How to Serve Healthy Chickpea Tuna Salad Recipe

Healthy Chickpea Tuna Salad Recipe - Serving

Garnishes

I love topping this salad with a few extra fresh parsley leaves or a sprinkle of cracked black pepper to brighten up every bite. Sometimes I add a few lemon zest shavings too for an extra citrus punch—it’s an easy trick I discovered that instantly perks up the flavors.

Side Dishes

This salad pairs beautifully with some warm pita bread or crunchy whole-grain crackers. When I make it for dinner, I’ll often serve it alongside roasted veggies or a simple green salad dressed with lemon and olive oil to keep things light and refreshing.

Creative Ways to Present

For a fun twist during gatherings, I like to stuff this salad into mini bell pepper halves or hollowed-out tomatoes—makes a colorful, appealing appetizer. It also works perfectly as a filling for wraps or layered in a mason jar salad for lunches on the go. Presentation really lifts the experience and invites your guests to dig in!

Make Ahead and Storage

Storing Leftovers

Leftovers keep really well in an airtight container in the fridge for up to 3 days. You might notice the salad softens a bit after sitting, but I’ve learned that a quick squeeze of fresh lemon juice and an extra pinch of parsley refreshes the flavors beautifully. Just give it a gentle stir before serving again.

Freezing

I typically don’t freeze this salad because the fresh veggies and yogurt dressing don’t hold up well after thawing—they turn watery and lose their crispness. But you could freeze the chickpeas and tuna separately if you want to prep components ahead of time.

Reheating

This salad is best served cold or at room temperature, so no reheating needed. If you prefer, take it out of the fridge 15–20 minutes before eating so the flavors mellow and the olive oil shines through.

FAQs

  1. Can I use dried chickpeas instead of canned for this Healthy Chickpea Tuna Salad Recipe?

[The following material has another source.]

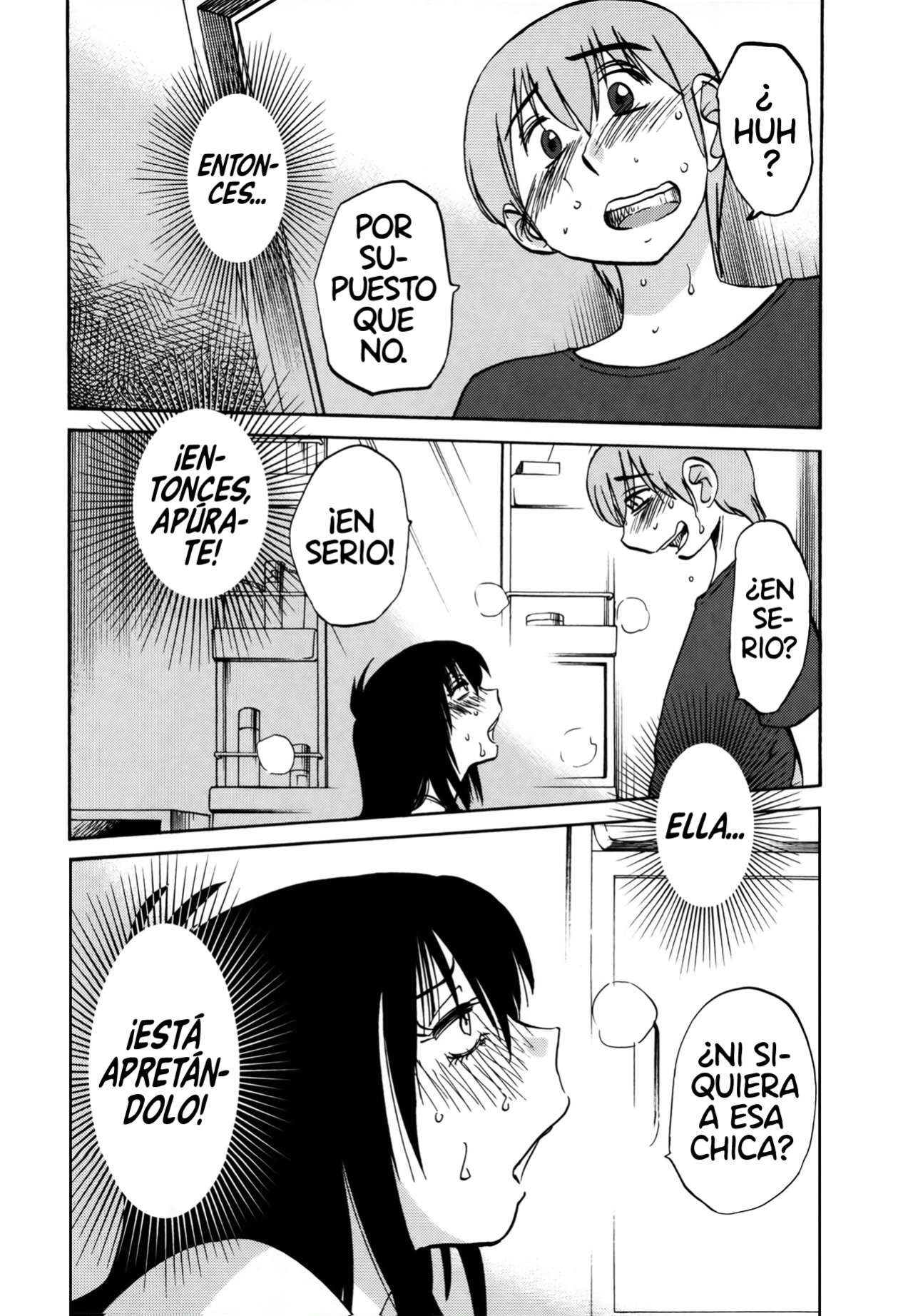 Rakujitsu no Pathos Capítulo 20 - Página 5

    Absolutely! Just make sure to soak and cook them until tender before using. Using dried chickpeas takes longer but can add a fresh homemade touch. Just be sure they’re cooled completely before mixing into the salad.

  2. Is this salad suitable for meal prep?

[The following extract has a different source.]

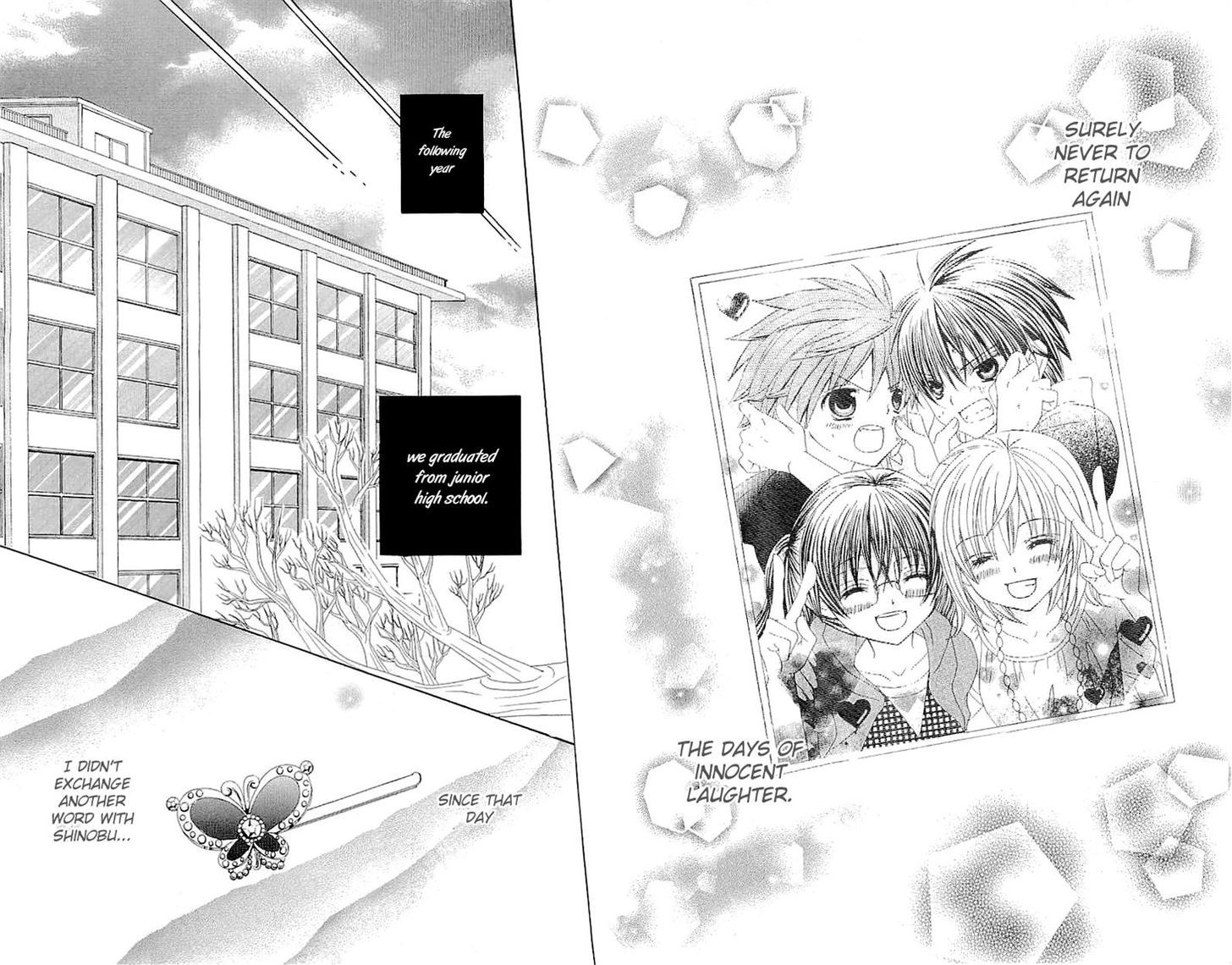 Suki desu Suzuki-kun!! Chapter 34 page 23 - Chapter 34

    Yes! It holds up well in the fridge for a couple of days, making it perfect for meal prep. Just keep the feta cheese separate if you want it to stay crumbly until serving.

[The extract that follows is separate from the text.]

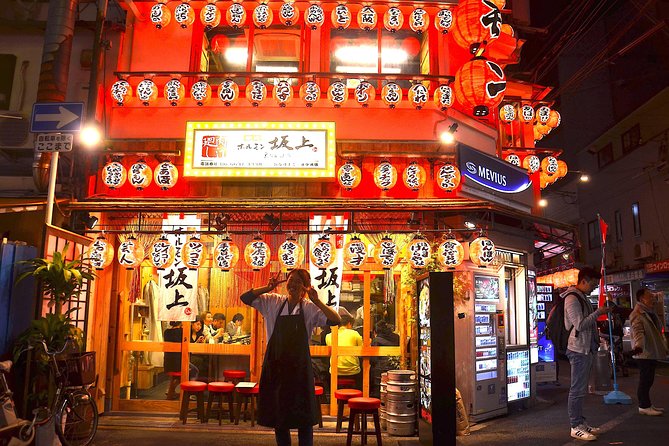 Absolute Osaka Food Tour - Key things I’d plan around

  3. Can I make this recipe vegan or vegetarian?

    You can! Replace tuna with chickpeas or mashed white beans, and swap Greek yogurt and feta for plant-based alternatives. You’ll still get a tasty, protein-rich salad.

  4. How can I add more flavor to my Healthy Chickpea Tuna Salad Recipe?

    Try adding fresh herbs like dill or basil, a splash of balsamic vinegar, or a sprinkle of smoked paprika. Roasting the chickpeas lightly before mixing can also add a toasty depth to the dish.

Final Thoughts

When I first tried this Healthy Chickpea Tuna Salad Recipe, I immediately appreciated how easy it was to throw together something so balanced and flavorful without hours in the kitchen. My family goes crazy for it, and honestly, I keep coming back because it’s nourishing and satisfying without feeling heavy. If you want a recipe that’s quick, wholesome, and flexible enough to become your go-to lunch or dinner, give this one a try—you won’t regret it!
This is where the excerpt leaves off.